● Data
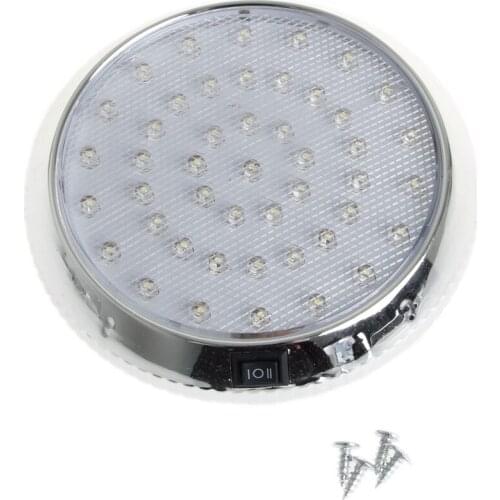 Vehicle 12V 46LED Interior Indoor Roof Ceiling Dome Light White Reading Lamp Dropshipping
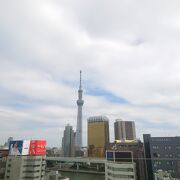 雷門前の絶景スポット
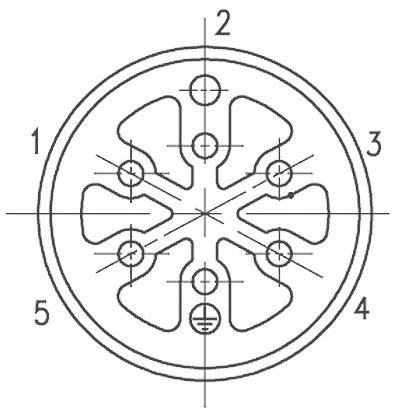 Amphenol C016 10I008 002 1 Rundstecker Stecker, gerade Gesamtpolzahl: 8 + PE Serie (Rundsteckverbinder): C016 1St.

● The problem
From the material above, copy everything exactly but the pictures.

● Output
 Vehicle 12V 46LED Interior Indoor Roof Ceiling Dome Light White Reading Lamp Dropshipping
 雷門前の絶景スポット
 Amphenol C016 10I008 002 1 Rundstecker Stecker, gerade Gesamtpolzahl: 8 + PE Serie (Rundsteckverbinder): C016 1St.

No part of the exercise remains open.